-- EXERCISE PROMPT --
Reproduce exactly the lines below from the one containing "Ciérrese encima del" through the one containing "living room with", including both, and nothing else.

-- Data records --
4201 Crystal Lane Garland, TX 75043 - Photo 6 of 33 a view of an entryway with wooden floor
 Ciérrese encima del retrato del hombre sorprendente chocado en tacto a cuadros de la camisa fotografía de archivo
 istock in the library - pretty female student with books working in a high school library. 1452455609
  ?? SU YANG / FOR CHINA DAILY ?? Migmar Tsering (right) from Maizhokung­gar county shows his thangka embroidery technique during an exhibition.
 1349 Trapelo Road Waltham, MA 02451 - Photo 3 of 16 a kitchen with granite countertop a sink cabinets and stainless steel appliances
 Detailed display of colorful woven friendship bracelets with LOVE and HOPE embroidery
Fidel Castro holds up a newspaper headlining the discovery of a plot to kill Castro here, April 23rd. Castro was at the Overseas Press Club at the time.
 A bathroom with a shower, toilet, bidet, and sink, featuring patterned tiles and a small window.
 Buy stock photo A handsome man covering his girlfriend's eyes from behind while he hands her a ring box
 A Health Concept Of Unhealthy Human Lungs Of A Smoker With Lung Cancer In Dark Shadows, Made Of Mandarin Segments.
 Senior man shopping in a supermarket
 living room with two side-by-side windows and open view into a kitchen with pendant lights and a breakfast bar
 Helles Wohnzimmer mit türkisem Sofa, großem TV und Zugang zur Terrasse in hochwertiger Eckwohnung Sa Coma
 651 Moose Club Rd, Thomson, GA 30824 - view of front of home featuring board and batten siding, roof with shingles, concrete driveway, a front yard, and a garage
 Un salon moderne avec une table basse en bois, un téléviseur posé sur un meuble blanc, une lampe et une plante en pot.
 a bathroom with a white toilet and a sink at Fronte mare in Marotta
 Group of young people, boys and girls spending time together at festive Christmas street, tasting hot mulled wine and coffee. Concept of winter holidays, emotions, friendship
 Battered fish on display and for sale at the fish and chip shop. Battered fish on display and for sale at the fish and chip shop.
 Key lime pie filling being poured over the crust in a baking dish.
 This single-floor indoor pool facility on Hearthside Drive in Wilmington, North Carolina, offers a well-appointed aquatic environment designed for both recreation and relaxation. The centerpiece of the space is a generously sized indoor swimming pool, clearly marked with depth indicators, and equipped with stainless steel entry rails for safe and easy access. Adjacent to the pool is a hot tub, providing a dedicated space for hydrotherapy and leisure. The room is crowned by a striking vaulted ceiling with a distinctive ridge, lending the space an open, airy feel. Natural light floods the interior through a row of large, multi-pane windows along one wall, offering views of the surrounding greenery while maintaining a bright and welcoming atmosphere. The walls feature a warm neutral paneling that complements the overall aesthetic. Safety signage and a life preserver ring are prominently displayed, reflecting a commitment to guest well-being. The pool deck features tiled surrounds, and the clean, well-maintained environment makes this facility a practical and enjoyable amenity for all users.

-- SOLUTION TO THIS PROBLEM --
 Ciérrese encima del retrato del hombre sorprendente chocado en tacto a cuadros de la camisa fotografía de archivo
 istock in the library - pretty female student with books working in a high school library. 1452455609
  ?? SU YANG / FOR CHINA DAILY ?? Migmar Tsering (right) from Maizhokung­gar county shows his thangka embroidery technique during an exhibition.
 1349 Trapelo Road Waltham, MA 02451 - Photo 3 of 16 a kitchen with granite countertop a sink cabinets and stainless steel appliances
 Detailed display of colorful woven friendship bracelets with LOVE and HOPE embroidery
Fidel Castro holds up a newspaper headlining the discovery of a plot to kill Castro here, April 23rd. Castro was at the Overseas Press Club at the time.
 A bathroom with a shower, toilet, bidet, and sink, featuring patterned tiles and a small window.
 Buy stock photo A handsome man covering his girlfriend's eyes from behind while he hands her a ring box
 A Health Concept Of Unhealthy Human Lungs Of A Smoker With Lung Cancer In Dark Shadows, Made Of Mandarin Segments.
 Senior man shopping in a supermarket
 living room with two side-by-side windows and open view into a kitchen with pendant lights and a breakfast bar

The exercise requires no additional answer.